Alors, vous allez me dire : «Mais c’est quoi au juste le Yoga du rire?» Je vous cite directement l’explication de Sophie Terrasse qui animait l’atelier de la semaine dernière : «Le Yoga du rire est une nouvelle révolution dans la médecine du corps et de l’esprit. Il combine exercices de rires simples et respirations yogiques douces pour améliorer votre santé et votre joie de vivre.»
Je n’aurais jamais cru que le rire pouvait faire tant de bien pour la santé. J’ai aussi appris que des Clubs du rire existent presque partout dans le monde; en fait, il y a plus de 6000 clubs dans 60 pays. Ici, dans notre région, Mme Terrasse a fondé l’Institut Tournesol et elle est thérapeute et instructeur de Yoga Kundalini.
C’était drôle seulement d’assister à sa présentation. Nous étions environ une centaine de personnes dans la salle. Mme Terrasse nous a expliqué ce qu’on allait faire. Imaginez-vous que le rire artificiel ou plutôt intentionnel produit les mêmes bienfaits qu’un rire tout à fait naturel. C’est simple, quand on rit parce que quelqu’un vient de nous conter une blague, ou qu’on assiste à une comédie, ou encore qu’on voit quelque chose de comique durant la journée, cet éclat physique active presque tous les muscles de notre corps. C’est presqu’aussi bon que d’aller jogger pendant une heure. Des médecins ont dit que le rire améliore absolument toutes les fonctions du corps.

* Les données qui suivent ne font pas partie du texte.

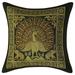 Stylo Culture Indian Zippered Brocade Black And Gold Throw Pillow Covers 12x12 Jacquard Weave Banarasi Square Throw Pillow Covers Dancing Peacock Floral 30x30 cm Decorative Cushion Covers (1 Pc)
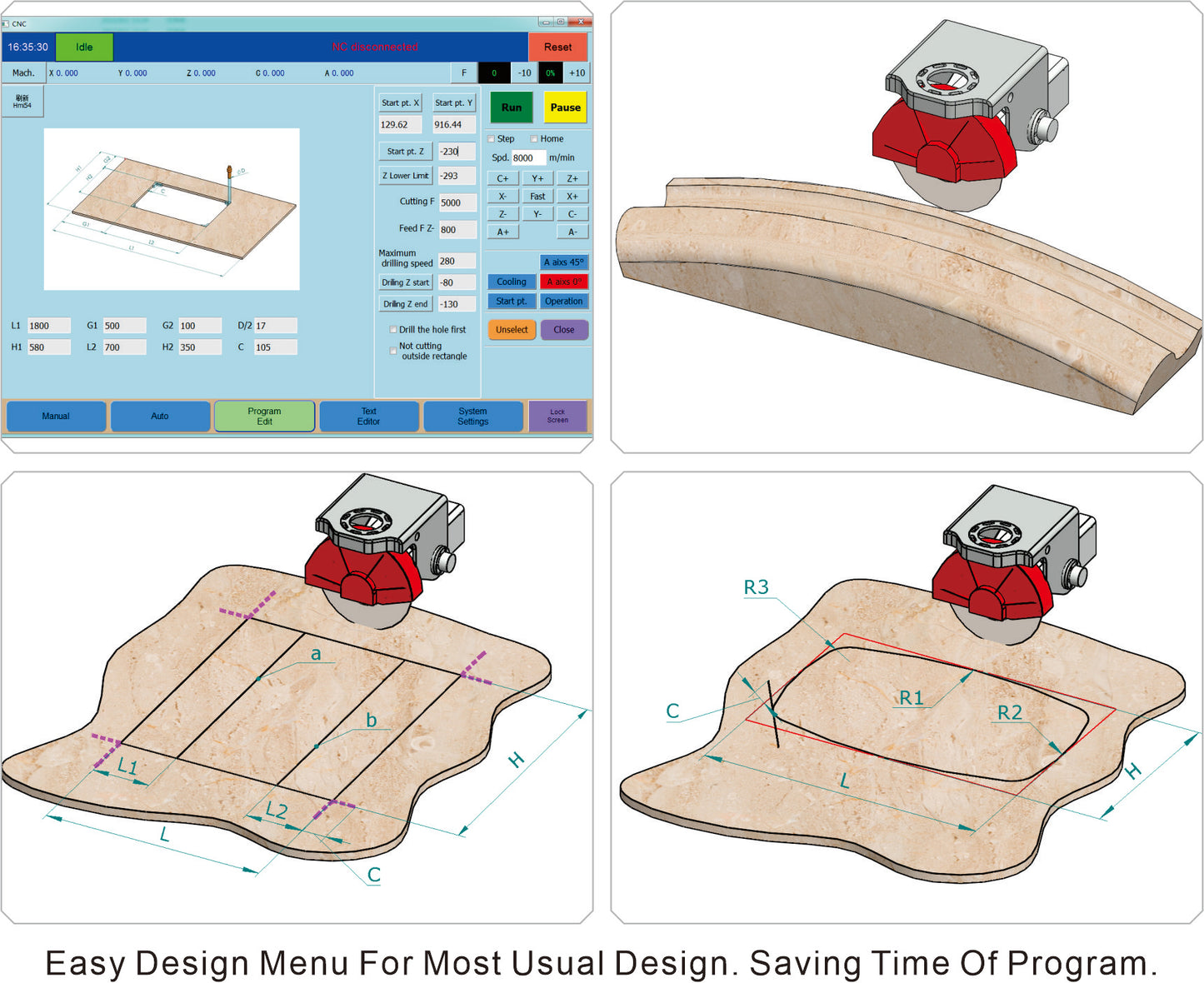 5 Axis CNC Bridge Saw Stone Cutting Machine Bridge Saw For Stone Granite Marble Sink Out Cutting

Donc, Mme terrasse nous a entraînés dans des exercices de rires fabriqués. Par exemple, à un moment, on se pointait soi-même du doigt et on riait de soi. Il fallait rire aux éclats, se forcer de le faire. Alors, par toute une série de mimes, de faces drôles, de gestes comiques, on riait artificiellement à gorge déployée pendant plusieurs secondes.
Voilà une autre chose que je découvrais : il semble bien qu’en général, en ne rit que sept ou huit minutes par jour. Je me suis demandé pourquoi on ne rit pas plus. La vie est-elle si monotone et plate qu’on ne sait plus rire ou qu’on ne trouve rien de drôle? Pendant presqu’une heure, on a fait des simagrées incroyables tout en riant à bride abattue.
Il fallait voir la face épanouie des gens et pensez-y, on ne riait pas pour vrai, c’était totalement du rire provoqué, mais on ne pouvait s’empêcher de rire pour vrai si ce n’est que de voir les réactions des participants. Pour ma part, j’ai ri à mon goût et bien gratuit, j’ai pris un bon bain d’aération mentale.
Eh oui, c’est un des bénéfices du rire, il produit «les substances chimiques du bonheur» que sont les endorphines, des substances qui permettent au cerveau d’englober plus d’oxygène et il s’en trouve ravigoté.
Le rire est certes une manifestation de joie, signe d’esprit ouvert, mais il nous permet de redécouvrir l’enfant qui dort en chacun de nous. On dirait qu’il éveille un sentiment de complicité, qu’il amène des mots qui appellent à l’amitié.
Dans ma jeunesse, aux études, je notais souvent des pensées que j’aimais. J’ai trouvé les suivantes dans mes notes. «Il vaut mieux rire avant de mourir que de mourir sans avoir ri.» Je crois que ce mot vient d’Alfred de Musset, un grand poète. Et une autre, en terminant : «Hâtez-vous de rire, avant que vous ne vous aperceviez que ce n’est point drôle.» C’est là un mot de La Roche Foucault, un pessimiste de la pire espèce. Riez, votre créativité ne s’en trouvera que mieux.